EXERCISE DETAILS ->
Reproduce, word for word, every line starting at the line that contains "1370255973690587d0c4f1f6.30879191-160955.png" and ending with the final line of the entries.

####################

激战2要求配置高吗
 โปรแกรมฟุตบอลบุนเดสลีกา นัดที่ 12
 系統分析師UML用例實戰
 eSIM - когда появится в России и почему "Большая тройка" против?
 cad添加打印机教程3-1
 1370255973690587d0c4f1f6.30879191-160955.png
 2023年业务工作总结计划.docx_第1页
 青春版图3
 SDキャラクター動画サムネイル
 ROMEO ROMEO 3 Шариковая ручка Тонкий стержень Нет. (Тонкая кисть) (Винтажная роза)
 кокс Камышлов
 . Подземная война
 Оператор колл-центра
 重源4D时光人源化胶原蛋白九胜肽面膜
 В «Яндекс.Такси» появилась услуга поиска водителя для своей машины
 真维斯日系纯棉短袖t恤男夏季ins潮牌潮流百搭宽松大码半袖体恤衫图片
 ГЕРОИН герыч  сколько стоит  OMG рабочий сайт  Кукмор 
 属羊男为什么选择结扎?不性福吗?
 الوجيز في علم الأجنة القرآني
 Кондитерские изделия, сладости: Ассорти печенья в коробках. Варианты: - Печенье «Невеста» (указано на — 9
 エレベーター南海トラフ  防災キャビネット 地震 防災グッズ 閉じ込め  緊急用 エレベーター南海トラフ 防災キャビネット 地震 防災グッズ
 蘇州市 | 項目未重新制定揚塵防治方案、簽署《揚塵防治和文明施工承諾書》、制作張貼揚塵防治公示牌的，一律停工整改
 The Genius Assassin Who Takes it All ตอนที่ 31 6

####################

EXERCISE RESULT ->
 1370255973690587d0c4f1f6.30879191-160955.png
 2023年业务工作总结计划.docx_第1页
 青春版图3
 SDキャラクター動画サムネイル
 ROMEO ROMEO 3 Шариковая ручка Тонкий стержень Нет. (Тонкая кисть) (Винтажная роза)
 кокс Камышлов
 . Подземная война
 Оператор колл-центра
 重源4D时光人源化胶原蛋白九胜肽面膜
 В «Яндекс.Такси» появилась услуга поиска водителя для своей машины
 真维斯日系纯棉短袖t恤男夏季ins潮牌潮流百搭宽松大码半袖体恤衫图片
 ГЕРОИН герыч  сколько стоит  OMG рабочий сайт  Кукмор 
 属羊男为什么选择结扎?不性福吗?
 الوجيز في علم الأجنة القرآني
 Кондитерские изделия, сладости: Ассорти печенья в коробках. Варианты: - Печенье «Невеста» (указано на — 9
 エレベーター南海トラフ  防災キャビネット 地震 防災グッズ 閉じ込め  緊急用 エレベーター南海トラフ 防災キャビネット 地震 防災グッズ
 蘇州市 | 項目未重新制定揚塵防治方案、簽署《揚塵防治和文明施工承諾書》、制作張貼揚塵防治公示牌的，一律停工整改
 The Genius Assassin Who Takes it All ตอนที่ 31 6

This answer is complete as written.